> [RECORDS FOR THE EXERCISE]
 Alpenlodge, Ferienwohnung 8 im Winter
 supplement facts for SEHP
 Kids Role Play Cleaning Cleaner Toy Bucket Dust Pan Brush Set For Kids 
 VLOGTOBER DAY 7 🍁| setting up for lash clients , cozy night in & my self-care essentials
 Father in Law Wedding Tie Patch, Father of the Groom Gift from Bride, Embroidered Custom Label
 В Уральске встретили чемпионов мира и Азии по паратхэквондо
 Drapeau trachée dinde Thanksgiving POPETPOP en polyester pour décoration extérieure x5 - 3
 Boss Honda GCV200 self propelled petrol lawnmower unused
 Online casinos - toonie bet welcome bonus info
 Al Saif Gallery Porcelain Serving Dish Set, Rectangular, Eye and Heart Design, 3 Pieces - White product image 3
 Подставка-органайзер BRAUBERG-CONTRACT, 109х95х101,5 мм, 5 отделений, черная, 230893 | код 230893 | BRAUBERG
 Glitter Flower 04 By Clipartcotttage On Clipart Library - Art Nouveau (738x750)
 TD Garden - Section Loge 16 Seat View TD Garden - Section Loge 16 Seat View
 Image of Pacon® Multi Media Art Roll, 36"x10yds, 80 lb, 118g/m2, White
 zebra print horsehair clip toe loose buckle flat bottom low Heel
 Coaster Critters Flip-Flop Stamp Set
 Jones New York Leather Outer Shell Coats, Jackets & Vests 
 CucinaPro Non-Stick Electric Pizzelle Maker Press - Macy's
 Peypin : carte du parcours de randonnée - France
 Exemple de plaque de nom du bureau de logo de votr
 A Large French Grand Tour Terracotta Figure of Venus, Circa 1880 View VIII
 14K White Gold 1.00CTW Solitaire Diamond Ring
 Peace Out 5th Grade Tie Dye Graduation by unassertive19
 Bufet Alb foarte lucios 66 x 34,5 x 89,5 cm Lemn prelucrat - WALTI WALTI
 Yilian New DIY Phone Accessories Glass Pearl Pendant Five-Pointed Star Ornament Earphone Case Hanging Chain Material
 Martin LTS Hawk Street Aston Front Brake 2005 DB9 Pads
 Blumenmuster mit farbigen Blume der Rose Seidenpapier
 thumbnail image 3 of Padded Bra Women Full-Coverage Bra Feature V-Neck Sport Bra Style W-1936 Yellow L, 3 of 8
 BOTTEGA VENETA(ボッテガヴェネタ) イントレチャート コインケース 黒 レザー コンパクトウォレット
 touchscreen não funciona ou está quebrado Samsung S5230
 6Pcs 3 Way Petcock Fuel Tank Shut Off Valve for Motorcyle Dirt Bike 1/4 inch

> [WORK TASK]
Please retype the data, matching it exactly.

> [RESPONSE AREA]
 Alpenlodge, Ferienwohnung 8 im Winter
 supplement facts for SEHP
 Kids Role Play Cleaning Cleaner Toy Bucket Dust Pan Brush Set For Kids 
 VLOGTOBER DAY 7 🍁| setting up for lash clients , cozy night in & my self-care essentials
 Father in Law Wedding Tie Patch, Father of the Groom Gift from Bride, Embroidered Custom Label
 В Уральске встретили чемпионов мира и Азии по паратхэквондо
 Drapeau trachée dinde Thanksgiving POPETPOP en polyester pour décoration extérieure x5 - 3
 Boss Honda GCV200 self propelled petrol lawnmower unused
 Online casinos - toonie bet welcome bonus info
 Al Saif Gallery Porcelain Serving Dish Set, Rectangular, Eye and Heart Design, 3 Pieces - White product image 3
 Подставка-органайзер BRAUBERG-CONTRACT, 109х95х101,5 мм, 5 отделений, черная, 230893 | код 230893 | BRAUBERG
 Glitter Flower 04 By Clipartcotttage On Clipart Library - Art Nouveau (738x750)
 TD Garden - Section Loge 16 Seat View TD Garden - Section Loge 16 Seat View
 Image of Pacon® Multi Media Art Roll, 36"x10yds, 80 lb, 118g/m2, White
 zebra print horsehair clip toe loose buckle flat bottom low Heel
 Coaster Critters Flip-Flop Stamp Set
 Jones New York Leather Outer Shell Coats, Jackets & Vests 
 CucinaPro Non-Stick Electric Pizzelle Maker Press - Macy's
 Peypin : carte du parcours de randonnée - France
 Exemple de plaque de nom du bureau de logo de votr
 A Large French Grand Tour Terracotta Figure of Venus, Circa 1880 View VIII
 14K White Gold 1.00CTW Solitaire Diamond Ring
 Peace Out 5th Grade Tie Dye Graduation by unassertive19
 Bufet Alb foarte lucios 66 x 34,5 x 89,5 cm Lemn prelucrat - WALTI WALTI
 Yilian New DIY Phone Accessories Glass Pearl Pendant Five-Pointed Star Ornament Earphone Case Hanging Chain Material
 Martin LTS Hawk Street Aston Front Brake 2005 DB9 Pads
 Blumenmuster mit farbigen Blume der Rose Seidenpapier
 thumbnail image 3 of Padded Bra Women Full-Coverage Bra Feature V-Neck Sport Bra Style W-1936 Yellow L, 3 of 8
 BOTTEGA VENETA(ボッテガヴェネタ) イントレチャート コインケース 黒 レザー コンパクトウォレット
 touchscreen não funciona ou está quebrado Samsung S5230
 6Pcs 3 Way Petcock Fuel Tank Shut Off Valve for Motorcyle Dirt Bike 1/4 inch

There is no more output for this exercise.